Monday, March 5, 2012

my best friend

is my mom. she's the most amazing/inspiring/spiritual woman i know. and i love her so so much.

today, my best friend left me. after 6 months in korea, it was time for her to leave my side. the past week was really hard for me, because we were going to be separated for at least a year and i couldn't picture myself not seeing her or talking to her daily. i really wished for time to be slow, but somehow, it was so quick.
i have humongo cheeks
it's monday, and i'm in my aunt's place typing this blog. it's been 13 hours since ive seen my mom. i couldn't even go to the airport to send her off because i had to go to work. all i can do was call her and hear her voice. i know it isn't the end, but not being able to see your mom for a year is pretty heartbreaking.

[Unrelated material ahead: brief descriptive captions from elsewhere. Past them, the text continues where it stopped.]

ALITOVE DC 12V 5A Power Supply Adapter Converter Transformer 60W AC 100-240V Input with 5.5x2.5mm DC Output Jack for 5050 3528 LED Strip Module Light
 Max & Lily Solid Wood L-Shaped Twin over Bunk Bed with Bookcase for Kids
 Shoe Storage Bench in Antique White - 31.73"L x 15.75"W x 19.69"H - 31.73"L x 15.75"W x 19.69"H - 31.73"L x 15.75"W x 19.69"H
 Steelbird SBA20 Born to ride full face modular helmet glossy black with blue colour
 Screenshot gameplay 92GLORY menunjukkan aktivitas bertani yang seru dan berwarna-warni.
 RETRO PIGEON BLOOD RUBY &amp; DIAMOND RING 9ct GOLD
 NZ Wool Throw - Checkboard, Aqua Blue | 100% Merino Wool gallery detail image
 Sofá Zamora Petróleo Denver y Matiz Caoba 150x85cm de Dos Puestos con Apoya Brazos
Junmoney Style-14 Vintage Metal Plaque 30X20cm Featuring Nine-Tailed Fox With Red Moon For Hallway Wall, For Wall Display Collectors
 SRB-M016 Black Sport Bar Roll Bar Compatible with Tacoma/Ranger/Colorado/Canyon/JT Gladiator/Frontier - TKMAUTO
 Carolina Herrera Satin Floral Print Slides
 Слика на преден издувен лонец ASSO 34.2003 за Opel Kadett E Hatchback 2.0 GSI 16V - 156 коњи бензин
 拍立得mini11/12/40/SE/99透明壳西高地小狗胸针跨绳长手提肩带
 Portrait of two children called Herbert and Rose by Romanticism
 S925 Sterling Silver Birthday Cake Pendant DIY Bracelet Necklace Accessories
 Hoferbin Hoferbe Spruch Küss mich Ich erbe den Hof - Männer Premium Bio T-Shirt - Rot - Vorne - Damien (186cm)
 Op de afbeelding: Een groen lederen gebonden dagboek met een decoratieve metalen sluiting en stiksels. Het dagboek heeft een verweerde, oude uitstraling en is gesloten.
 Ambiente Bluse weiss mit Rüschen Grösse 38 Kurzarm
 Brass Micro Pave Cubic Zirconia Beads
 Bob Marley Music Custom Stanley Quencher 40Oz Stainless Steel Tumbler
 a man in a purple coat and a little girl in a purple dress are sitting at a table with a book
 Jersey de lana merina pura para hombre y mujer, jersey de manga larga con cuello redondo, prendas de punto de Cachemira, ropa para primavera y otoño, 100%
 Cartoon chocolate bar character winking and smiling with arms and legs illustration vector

since last night, i cried like a baby. i held my mom's hand when we went to sleep. this may seem really corny and dumb, but to me this entry is probably going to be one of the emotional entries i will ever write. (im crying right now... ugh)

this morning, i woke up all bloated because of the the night before (NEVER cry at night, you WILL wake up like a balloon), so i had to draw my eyeliner über thick. but anyways, we prayed for each other, blessed one another, and hugged and off i went to work.

i know my momma will never see this because she's not tech savvy (i just taught her how to use gmail), plus she doesn't know my blog's site, but i want to dedicate this entry to her. momma,

ㅅㄹㅎ.


Proverbs 6:20-22 ESV My son, keep your father’s commandment, and forsake not your mother’s teaching. Bind them on your heart always; tie them around your neck. When you walk, they will lead you; when you lie down, they will watch over you; and when you awake, they will talk with you.